Sunday, January 3, 2016

Seeing Sharp C++: The love/hate relationship with Enums

Enums are great. They give you an identifier to either an explicit value (Apples = 1, Oranges = 2), or a compiler derived value. They're something you can easily refactor. They're quasi-type-safe. They're just great.

Except when it comes to generics. And IL2CPP.

In a project I'm currently working on, I make use of a custom BitVector32 struct for cases like object flags storage, etc. For the project I've added some additional methods to interop with it using an Enum via generics, where each member in a given Enum maps to a bit index:

 1
 2
 3
 4
 5
 6
 7
 8
 9
10
11
12
13
14
15
16
17
18
19
20
21
22
23
24
25
26
27
28
29
30
31
32
33
34
35
36
#region Access via Enum
private bool ValidateBit<TEnum>(TEnum bit, int bitIndex)
 where TEnum : struct, IComparable, IFormattable, IConvertible
{
 if (bitIndex < 0 || bitIndex >= this.Length)
 {
  Assert("Enum member {0} with value {1} is out of range for indexing",
   bit, bitIndex);
  return false;
 }

 return true;
}

public bool Test<TEnum>(TEnum bit)
 where TEnum : struct, IComparable, IFormattable, IConvertible
{
 int bitIndex = bit.ToInt32(null);
 if (!ValidateBit(bit, bitIndex))
  return false;

 return Bitwise.Flags.Test(mWord, ((uint)1) << bitIndex);
}

public void Set<TEnum>(TEnum bit, bool value)
 where TEnum : struct, IComparable, IFormattable, IConvertible
{
 int bitIndex = bit.ToInt32(null);
 if (!ValidateBit(bit, bitIndex))
  return;

 var flag = ((uint)1) << bitIndex;

 Bitwise.Flags.Modify(value, ref mWord, flag);
}
#endregion

The "where" clause uses as many Enum-specific constraints as possible since whatever lightbulbs behind the language thought it was a bright idea to not allow "where T : enum" (but you can in IL and F#). I mean, what the hell? But I digress, this isn't a Unity problem.
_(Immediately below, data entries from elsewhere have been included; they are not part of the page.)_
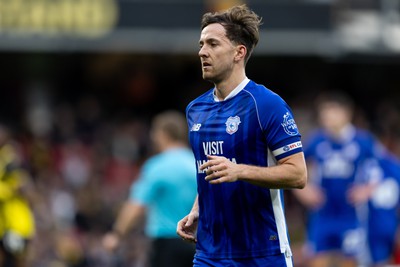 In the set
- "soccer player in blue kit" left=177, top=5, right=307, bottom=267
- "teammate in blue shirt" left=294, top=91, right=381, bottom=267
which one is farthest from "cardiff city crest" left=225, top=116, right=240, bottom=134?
"teammate in blue shirt" left=294, top=91, right=381, bottom=267

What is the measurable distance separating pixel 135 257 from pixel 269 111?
10855 mm

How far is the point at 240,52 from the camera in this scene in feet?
22.2

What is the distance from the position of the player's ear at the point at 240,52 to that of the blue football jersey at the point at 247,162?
17 centimetres

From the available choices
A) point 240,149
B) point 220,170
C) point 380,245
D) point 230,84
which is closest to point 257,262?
point 240,149

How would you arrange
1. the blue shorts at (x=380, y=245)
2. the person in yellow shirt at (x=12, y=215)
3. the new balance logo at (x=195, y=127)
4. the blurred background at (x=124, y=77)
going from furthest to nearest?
the blurred background at (x=124, y=77)
the blue shorts at (x=380, y=245)
the person in yellow shirt at (x=12, y=215)
the new balance logo at (x=195, y=127)

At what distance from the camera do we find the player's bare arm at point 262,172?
6121mm

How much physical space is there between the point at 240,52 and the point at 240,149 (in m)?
0.59

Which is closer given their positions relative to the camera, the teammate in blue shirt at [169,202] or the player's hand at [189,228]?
the player's hand at [189,228]

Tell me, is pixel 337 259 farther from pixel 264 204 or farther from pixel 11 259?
pixel 264 204

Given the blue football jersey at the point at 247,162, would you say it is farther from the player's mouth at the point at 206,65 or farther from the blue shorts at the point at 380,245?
the blue shorts at the point at 380,245

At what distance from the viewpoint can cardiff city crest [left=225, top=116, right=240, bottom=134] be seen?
21.8 feet

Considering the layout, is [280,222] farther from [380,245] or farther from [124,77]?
[124,77]

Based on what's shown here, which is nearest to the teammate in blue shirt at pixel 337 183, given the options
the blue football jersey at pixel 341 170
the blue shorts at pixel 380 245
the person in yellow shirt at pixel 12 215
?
the blue football jersey at pixel 341 170

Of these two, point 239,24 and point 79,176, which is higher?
point 79,176
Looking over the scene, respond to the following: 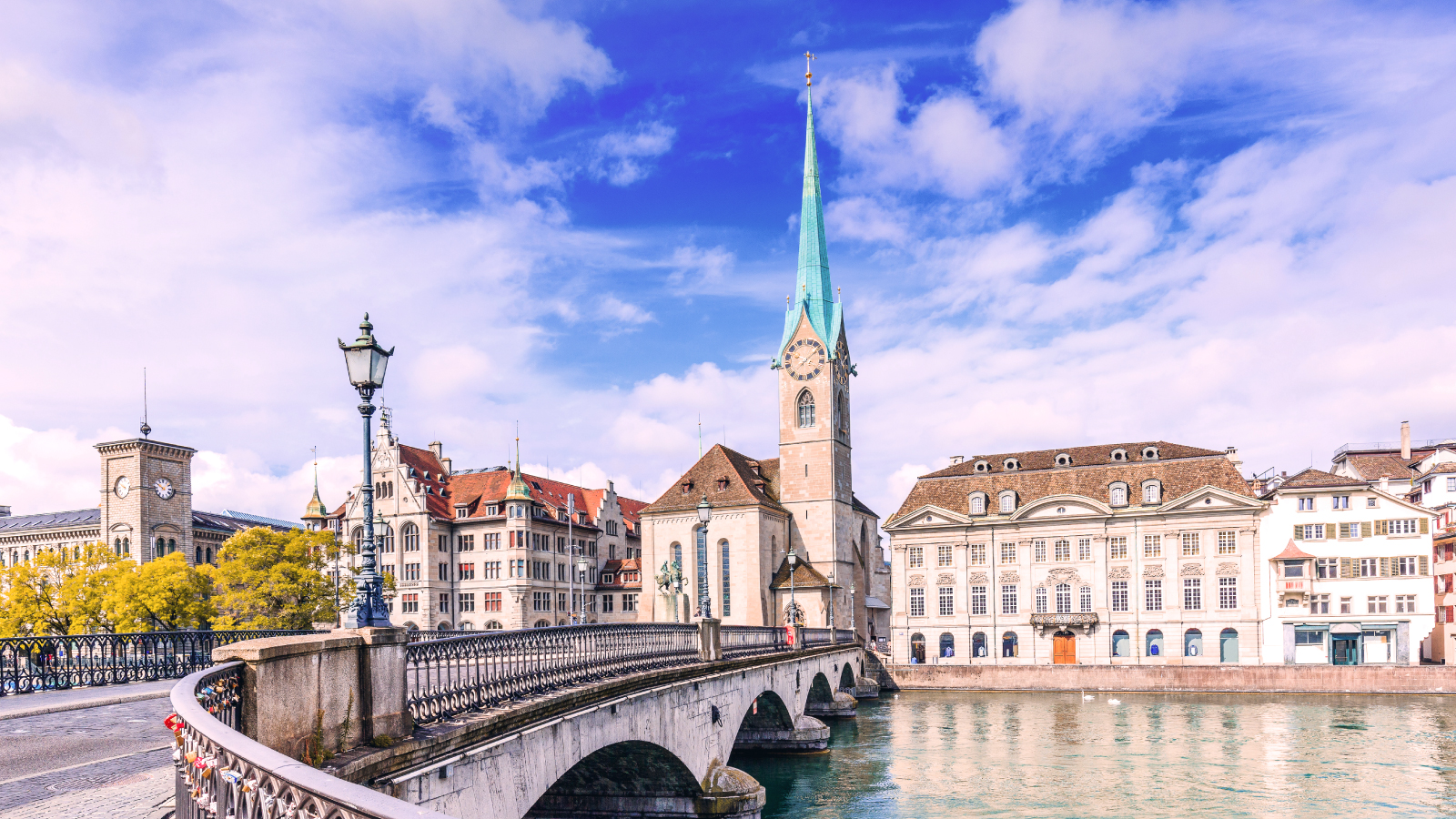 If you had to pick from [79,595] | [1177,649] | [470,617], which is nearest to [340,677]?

The IConvertible interface gives us the power of ToInt32(), which is needed to generically 'interpret' the TEnum value "bit" as a bit index. For the rest of this article I'm just going to focus on the Set method (line 25). Let's inspect the IL and how IL2CPP (as of 5.3.1p1) transforms it:

 1
 2
 3
 4
 5
 6
 7
 8
 9
10
11
12
13
14
15
16
17
18
19
20
21
22
23
24
25
26
27
28
29
30
31
32
33
34
35
36
37
38
39
40
41
.method public hidebysig 
 instance void Set<valuetype .ctor ([mscorlib]System.ValueType, [mscorlib]System.IComparable, [mscorlib]System.IFormattable, [mscorlib]System.IConvertible) TEnum> (
  !!TEnum bit,
  bool 'value'
 ) cil managed 
{
 // Method begins at RVA 0x159f8
 // Code size 51 (0x33)
 .maxstack 3
 .locals init (
  [0] int32,
  [1] uint32
 )

 IL_0000: ldarga.s bit
 IL_0002: ldnull
 IL_0003: constrained. !!TEnum
 IL_0009: callvirt instance int32 [mscorlib]System.IConvertible::ToInt32(class [mscorlib]System.IFormatProvider)
 IL_000e: stloc.0
 IL_000f: ldarg.0
 IL_0010: ldarg.1
 IL_0011: ldloc.0
 IL_0012: call instance bool BitVector32::ValidateBit<!!TEnum>(!!0, int32)
 IL_0017: brtrue IL_001d

 IL_001c: ret

 IL_001d: ldc.i4.1
 IL_001e: ldloc.0
 IL_001f: ldc.i4.s 31
 IL_0021: and
 IL_0022: shl
 IL_0023: stloc.1
 IL_0024: ldarg.2
 IL_0025: ldarg.0
 IL_0026: ldflda uint32 BitVector32::mWord
 IL_002b: ldloc.1
 IL_002c: call bool Bitwise.Flags::Modify(bool, uint32&, uint32)
 IL_0031: pop
 IL_0032: ret
} // end of method BitVector32::Set

Here's the IL2CPP of Set instanced with an unimportant enum named MyEnum ('KM00' marks my own comments, not the compiler):
UPDATE: A fix for the double boxing described below is in the pipes on Unity's end. It is now in as of 5.3.1p4, "Removed an unnecessary Box used to null check before calling a virtual method". 

 1
 2
 3
 4
 5
 6
 7
 8
 9
10
11
12
13
14
15
16
17
18
19
20
21
22
23
24
25
26
27
28
29
30
31
32
33
34
35
36
37
38
39
40
41
42
43
44
45
46
47
48
49
50
51
52
// generic sharing
#define IL2CPP_RGCTX_DATA(rgctxVar,index) (InitializedTypeInfo(rgctxVar[index].klass))
#define IL2CPP_RGCTX_METHOD_INFO(rgctxVar,index) (rgctxVar[index].method)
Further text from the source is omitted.